Scan the entries line by line and return those with "Bedroom".

(MATERIAL SHOWN begins)

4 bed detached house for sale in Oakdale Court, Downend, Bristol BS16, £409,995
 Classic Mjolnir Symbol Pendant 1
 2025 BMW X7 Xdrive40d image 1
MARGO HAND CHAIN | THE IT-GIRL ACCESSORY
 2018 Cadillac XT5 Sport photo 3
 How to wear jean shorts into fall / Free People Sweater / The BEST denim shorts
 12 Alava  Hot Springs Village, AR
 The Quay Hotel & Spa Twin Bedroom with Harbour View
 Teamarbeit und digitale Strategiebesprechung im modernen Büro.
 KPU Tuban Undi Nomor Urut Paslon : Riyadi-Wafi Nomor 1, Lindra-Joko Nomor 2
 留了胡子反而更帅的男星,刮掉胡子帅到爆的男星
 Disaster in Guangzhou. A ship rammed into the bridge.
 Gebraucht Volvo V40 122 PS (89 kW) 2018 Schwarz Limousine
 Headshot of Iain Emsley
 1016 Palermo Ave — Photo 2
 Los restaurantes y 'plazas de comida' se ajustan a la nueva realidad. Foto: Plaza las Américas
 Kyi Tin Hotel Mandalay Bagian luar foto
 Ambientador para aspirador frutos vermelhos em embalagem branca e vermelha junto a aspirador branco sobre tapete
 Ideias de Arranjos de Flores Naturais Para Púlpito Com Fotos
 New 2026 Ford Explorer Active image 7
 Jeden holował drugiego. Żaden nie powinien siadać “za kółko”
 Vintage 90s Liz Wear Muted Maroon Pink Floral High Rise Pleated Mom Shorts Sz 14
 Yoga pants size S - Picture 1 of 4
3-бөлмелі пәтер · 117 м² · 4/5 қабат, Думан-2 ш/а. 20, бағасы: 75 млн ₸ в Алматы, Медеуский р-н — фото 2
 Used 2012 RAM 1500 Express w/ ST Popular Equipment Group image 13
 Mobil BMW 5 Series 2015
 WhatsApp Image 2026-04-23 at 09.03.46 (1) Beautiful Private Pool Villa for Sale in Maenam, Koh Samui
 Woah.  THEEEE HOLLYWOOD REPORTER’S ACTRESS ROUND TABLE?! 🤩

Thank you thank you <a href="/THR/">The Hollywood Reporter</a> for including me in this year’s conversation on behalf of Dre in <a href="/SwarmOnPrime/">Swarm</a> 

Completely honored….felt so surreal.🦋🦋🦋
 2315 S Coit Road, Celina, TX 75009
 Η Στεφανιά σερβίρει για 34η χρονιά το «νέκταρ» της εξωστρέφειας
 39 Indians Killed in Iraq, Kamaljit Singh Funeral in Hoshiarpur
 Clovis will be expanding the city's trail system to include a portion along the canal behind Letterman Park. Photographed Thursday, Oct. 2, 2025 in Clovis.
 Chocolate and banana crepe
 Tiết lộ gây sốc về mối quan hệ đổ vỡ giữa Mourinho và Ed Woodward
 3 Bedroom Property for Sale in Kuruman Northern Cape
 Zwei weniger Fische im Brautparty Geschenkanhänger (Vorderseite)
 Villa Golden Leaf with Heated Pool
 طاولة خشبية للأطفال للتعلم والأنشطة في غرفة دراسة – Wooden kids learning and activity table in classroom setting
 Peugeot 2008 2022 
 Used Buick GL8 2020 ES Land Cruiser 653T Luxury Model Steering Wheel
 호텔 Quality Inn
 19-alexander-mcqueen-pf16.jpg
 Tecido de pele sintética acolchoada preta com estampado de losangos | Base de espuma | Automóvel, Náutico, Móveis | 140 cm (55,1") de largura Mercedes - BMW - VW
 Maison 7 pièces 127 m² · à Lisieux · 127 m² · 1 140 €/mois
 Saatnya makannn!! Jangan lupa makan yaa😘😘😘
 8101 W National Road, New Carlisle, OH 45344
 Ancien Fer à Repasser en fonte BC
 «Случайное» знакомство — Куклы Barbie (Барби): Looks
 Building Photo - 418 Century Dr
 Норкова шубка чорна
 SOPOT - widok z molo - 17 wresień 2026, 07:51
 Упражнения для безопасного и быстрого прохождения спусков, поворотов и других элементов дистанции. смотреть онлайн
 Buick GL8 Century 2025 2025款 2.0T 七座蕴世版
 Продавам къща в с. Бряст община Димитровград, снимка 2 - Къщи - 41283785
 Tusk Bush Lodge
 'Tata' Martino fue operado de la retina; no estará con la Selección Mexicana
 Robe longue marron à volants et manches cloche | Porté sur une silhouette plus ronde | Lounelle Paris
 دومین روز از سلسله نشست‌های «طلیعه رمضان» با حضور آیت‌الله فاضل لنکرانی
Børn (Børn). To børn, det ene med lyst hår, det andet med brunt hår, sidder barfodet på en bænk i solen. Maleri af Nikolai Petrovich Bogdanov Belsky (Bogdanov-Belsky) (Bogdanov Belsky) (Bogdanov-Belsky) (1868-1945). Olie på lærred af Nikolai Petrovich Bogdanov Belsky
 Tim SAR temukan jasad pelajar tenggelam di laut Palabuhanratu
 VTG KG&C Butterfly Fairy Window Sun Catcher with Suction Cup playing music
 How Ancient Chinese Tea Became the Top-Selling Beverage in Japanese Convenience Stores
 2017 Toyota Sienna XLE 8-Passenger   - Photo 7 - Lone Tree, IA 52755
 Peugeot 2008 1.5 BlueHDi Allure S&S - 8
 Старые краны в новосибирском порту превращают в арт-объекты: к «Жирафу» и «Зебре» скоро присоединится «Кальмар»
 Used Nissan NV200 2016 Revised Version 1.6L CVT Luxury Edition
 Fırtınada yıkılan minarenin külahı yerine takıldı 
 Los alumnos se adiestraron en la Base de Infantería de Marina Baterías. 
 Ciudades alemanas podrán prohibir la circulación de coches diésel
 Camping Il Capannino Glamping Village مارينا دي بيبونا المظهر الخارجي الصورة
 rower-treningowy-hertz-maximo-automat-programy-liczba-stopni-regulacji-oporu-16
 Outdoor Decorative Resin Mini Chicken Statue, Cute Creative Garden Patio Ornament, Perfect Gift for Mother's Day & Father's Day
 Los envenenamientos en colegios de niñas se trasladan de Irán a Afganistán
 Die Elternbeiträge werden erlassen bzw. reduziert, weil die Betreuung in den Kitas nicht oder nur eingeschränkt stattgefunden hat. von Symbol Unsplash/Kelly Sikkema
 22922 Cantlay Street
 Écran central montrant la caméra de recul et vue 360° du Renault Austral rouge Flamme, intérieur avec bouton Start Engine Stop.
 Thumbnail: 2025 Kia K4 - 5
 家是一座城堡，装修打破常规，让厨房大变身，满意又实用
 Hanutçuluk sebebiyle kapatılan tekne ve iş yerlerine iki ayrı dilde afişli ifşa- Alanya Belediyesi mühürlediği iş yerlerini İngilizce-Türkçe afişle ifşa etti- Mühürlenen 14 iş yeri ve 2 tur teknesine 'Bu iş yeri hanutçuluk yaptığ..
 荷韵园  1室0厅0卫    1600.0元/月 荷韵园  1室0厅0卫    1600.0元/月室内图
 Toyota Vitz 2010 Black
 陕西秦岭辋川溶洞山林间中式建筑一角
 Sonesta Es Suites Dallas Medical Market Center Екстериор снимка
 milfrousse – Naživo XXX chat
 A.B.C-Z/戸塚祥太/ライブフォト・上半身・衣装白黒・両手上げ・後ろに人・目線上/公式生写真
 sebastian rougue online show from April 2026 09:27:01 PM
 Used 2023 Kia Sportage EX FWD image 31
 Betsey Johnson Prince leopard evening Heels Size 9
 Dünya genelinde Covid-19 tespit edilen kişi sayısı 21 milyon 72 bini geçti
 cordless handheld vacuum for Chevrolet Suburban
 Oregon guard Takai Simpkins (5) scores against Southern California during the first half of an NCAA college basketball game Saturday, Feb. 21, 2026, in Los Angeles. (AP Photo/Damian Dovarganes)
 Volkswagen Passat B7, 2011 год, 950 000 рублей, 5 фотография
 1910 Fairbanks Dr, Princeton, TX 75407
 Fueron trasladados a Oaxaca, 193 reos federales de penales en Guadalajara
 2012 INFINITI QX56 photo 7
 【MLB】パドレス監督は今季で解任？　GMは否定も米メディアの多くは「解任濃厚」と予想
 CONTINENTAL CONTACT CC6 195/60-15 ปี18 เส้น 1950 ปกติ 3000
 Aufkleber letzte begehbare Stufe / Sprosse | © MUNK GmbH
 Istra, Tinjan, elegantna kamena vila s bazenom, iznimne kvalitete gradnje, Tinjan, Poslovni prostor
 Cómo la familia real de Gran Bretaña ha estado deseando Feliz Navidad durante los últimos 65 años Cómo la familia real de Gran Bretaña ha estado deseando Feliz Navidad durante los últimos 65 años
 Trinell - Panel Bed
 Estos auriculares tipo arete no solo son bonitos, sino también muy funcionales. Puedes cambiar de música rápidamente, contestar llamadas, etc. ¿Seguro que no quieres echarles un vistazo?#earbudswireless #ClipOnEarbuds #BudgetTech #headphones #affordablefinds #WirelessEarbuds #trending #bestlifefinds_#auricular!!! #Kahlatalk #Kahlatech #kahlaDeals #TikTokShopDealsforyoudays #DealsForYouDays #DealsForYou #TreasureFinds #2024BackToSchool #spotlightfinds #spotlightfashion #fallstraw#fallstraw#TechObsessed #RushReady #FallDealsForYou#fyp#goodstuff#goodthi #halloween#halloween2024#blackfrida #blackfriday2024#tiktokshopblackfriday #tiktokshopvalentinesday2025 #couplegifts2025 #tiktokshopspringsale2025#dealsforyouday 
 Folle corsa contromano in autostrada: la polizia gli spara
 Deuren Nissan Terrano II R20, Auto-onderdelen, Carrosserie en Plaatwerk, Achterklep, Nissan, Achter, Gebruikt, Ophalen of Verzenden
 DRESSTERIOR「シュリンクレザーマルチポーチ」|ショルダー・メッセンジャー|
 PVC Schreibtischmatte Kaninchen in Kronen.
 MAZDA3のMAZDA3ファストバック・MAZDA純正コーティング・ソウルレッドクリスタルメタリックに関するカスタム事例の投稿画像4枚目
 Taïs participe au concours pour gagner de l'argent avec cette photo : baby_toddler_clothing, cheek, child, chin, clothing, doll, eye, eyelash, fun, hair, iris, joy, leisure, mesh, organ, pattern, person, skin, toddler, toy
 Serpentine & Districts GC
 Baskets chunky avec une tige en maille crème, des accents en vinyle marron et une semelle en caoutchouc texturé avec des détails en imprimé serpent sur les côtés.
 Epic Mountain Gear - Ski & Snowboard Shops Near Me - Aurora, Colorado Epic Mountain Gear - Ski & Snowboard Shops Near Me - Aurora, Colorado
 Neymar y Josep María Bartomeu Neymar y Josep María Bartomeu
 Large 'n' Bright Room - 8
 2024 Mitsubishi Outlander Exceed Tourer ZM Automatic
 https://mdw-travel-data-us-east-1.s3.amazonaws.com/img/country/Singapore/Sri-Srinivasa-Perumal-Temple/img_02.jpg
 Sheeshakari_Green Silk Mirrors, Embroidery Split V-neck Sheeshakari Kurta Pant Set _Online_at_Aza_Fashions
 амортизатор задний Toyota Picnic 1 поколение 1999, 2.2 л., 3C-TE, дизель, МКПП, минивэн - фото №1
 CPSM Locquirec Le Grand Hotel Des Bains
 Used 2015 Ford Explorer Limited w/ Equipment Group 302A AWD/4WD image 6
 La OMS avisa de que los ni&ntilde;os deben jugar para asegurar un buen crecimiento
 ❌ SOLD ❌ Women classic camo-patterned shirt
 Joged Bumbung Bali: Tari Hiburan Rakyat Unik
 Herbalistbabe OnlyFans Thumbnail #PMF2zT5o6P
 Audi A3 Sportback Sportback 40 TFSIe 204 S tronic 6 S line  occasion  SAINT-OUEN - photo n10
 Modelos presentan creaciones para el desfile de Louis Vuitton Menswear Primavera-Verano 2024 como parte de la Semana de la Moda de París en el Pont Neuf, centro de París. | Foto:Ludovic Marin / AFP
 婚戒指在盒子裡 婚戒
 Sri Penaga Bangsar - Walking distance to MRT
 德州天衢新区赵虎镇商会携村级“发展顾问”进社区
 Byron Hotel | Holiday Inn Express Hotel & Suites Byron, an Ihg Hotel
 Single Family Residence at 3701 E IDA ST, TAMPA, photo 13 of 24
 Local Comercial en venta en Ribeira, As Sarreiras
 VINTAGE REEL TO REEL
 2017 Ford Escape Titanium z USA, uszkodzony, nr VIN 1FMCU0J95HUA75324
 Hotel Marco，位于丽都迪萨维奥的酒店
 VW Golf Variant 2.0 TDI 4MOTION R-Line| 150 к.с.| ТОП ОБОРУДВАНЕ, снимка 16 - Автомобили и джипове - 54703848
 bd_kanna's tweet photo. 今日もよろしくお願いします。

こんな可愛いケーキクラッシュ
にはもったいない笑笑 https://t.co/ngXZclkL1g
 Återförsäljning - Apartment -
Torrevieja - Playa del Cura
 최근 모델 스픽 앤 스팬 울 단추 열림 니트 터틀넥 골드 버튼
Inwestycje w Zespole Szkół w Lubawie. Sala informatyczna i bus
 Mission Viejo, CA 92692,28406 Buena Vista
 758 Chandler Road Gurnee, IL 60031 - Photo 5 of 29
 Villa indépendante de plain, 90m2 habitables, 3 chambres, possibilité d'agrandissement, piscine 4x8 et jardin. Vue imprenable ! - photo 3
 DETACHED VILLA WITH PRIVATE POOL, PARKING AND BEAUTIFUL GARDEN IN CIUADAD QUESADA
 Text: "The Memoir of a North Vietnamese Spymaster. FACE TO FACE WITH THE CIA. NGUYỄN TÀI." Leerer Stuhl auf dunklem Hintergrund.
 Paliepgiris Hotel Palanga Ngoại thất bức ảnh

(MATERIAL SHOWN ends)

▶ _EXPECTED ANSWER_:
 The Quay Hotel & Spa Twin Bedroom with Harbour View
 3 Bedroom Property for Sale in Kuruman Northern Cape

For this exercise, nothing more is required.